Protokoll der Sitzung vom 25.01.2012

Um dieser Schädigung der Waldbestände Rechnung zu tragen und gleichzeitig Bürokratie abzubauen, haben wir mit dieser Novelle die Möglichkeit geschaffen, die genehmigten Abschusspläne um 30 % nach oben zu überschreiten, ohne dass es einer erneuten Genehmigung bedarf - wie es bisher der Fall ist.

Die FDP wäre auch durchaus bereit gewesen, auf Obergrenzen beim Schalenwild, insbesondere beim Rehwild, ganz zu verzichten, sieht aber die gefundene Regelung als einen guten Kompromiss an, zumal auch die Möglichkeit besteht, eine weitere

(Sandra Redmann)

Überschreitung der Abschusszahl unbürokratisch zu beantragen.

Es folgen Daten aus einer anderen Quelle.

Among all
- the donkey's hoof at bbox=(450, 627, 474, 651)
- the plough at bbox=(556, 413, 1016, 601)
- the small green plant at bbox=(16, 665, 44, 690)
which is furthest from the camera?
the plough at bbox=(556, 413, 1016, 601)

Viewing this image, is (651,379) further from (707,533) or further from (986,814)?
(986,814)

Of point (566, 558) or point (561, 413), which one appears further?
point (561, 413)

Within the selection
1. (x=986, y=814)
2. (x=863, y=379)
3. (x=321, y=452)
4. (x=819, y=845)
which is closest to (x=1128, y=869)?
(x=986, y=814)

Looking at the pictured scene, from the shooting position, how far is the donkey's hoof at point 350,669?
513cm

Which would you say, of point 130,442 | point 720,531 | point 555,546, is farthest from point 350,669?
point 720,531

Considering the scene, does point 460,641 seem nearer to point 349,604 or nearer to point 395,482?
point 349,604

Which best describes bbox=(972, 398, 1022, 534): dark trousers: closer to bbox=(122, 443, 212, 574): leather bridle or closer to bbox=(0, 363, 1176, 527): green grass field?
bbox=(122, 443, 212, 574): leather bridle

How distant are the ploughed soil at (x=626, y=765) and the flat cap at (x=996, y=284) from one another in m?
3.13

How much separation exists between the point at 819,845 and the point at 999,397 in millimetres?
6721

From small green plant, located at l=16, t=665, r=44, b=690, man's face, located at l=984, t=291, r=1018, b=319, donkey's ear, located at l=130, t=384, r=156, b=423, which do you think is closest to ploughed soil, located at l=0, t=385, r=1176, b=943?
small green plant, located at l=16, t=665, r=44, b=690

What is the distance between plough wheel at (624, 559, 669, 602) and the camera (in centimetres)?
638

(Vereinzelter Beifall bei FDP und CDU)

Auch die Möglichkeit, die Abschusspläne für drei aufeinanderfolgende Jahre festzusetzen und innerhalb dieser drei Jahre die Abschüsse flexibel zu gestalten, ist ein weiterer Schritt zur Vereinfachung und Entbürokratisierung der Jagdausübung. Das häufige Problem zu großer Rehwildbestände entsteht meist bei der Aufstellung der Abschusspläne. Sie basieren auf zu ungenauer Bestandsschätzung oder -zählung, die dann wiederum dazu führen, dass eine zu geringe Zahl zum Abschuss freigegeben wird. Damit erhöhen sich die Bestände, und die Verbiss- und Schälschäden nehmen zu - zum Ärger der Waldbesitzer.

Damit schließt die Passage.